Virtual queues on top of the Kafka API.

Topics

Three topics must be created in order to use VirtualQueues.

Data topic

The data topic is where the records for the virtual queues live.

You will want to create this with a relatively high partition count, and ensure that the offset topic has the same number of partitions.

Offset topic

The offset topic is used to track the virtual offsets of the virtual consumers of virtual queues.

The offset topic (env KAFKA_OFFSET_TOPIC) should have the exact same number of partitions as the data topic always.

Partitions topic

A topic for partition assignment must be created. This topic is used so that consumers can simply discover the current assignment of partitions. This allows consumers to cache the partition assignment map on change to provide to consumers.

This topic is very low throughput, and should have a single partition.

Consumers

Consumer-aware partitioning

Unlike other distributed systems, VirtualQueues will NOT forward requests to the correct node. Consumers should be partition-aware by downloading the partition assignment map on boot and intervals (and when ever a 409 conflict is returned), and should always go direct to the respective node for a given virtual queue. This means that consumers need to support the same partitioning function (murmur2 with a specific seed) that is used here. An example in Go is provided in utils.Go#GetPartition.

Consumer-aware partitioning massively reduces median and tail latencies, especially under high load.

Named consumers

You can optionally use named consumers when reading queues. Each named consumer will have its offset tracked.

You can always manually read from a provided offset.

A consumer can reset its offset by providing an Offset and AllowRewind at ack time. Without the AllowRewind option, the server will reject an offset that is below the previously tracked offset.

A named consumer is responsible for coordination consumption: That is to say, if two processes use the same named consumer they will frequently both miss records (due to acks) and process duplicate records (no exclusive assignment).

Named consumers should also be aware when to delete themselves, as their offsets will be retained both in memory and in the offset queue.

Queues

Queues are created on demand when the first record is written to them.

Deleting a queue

Queues can be deleted when they have completed processing. This is useful to restrict the working set on disk from growing.

Deleting a queue will also automatically delete all tracked consumers for that queue.

Transactional queueing suggestion

Since this is a different system, you can run into issues with duplicate processing if you enqueue within a transaction (or missed processing if you enqueue after). Each have their own risks.

At least once (queue during txn) is the preferred solution, but user-invoked transactions (e.g. api endpoint) are far more likely to restart than internally managed transactions (e.g. background task).

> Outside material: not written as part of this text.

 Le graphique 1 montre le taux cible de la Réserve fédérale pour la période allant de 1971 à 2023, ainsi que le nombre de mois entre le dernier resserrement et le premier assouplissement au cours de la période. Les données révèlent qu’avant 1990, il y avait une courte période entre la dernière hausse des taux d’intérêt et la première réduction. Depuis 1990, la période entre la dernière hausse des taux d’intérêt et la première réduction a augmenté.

Combining a transactional outbox pattern (e.g. Apple's QuiCK) with VirtualQueues greatly reduces this risk. It still provides at-least-once semantics, but greatly reduces the chance that a transaction restarts and a message is enqueued multiple times. This is because the job to enqueue to the VirtualQueue is transactionally secure, and the execution of that job is very quick (in comparison to being part of a larger transaction).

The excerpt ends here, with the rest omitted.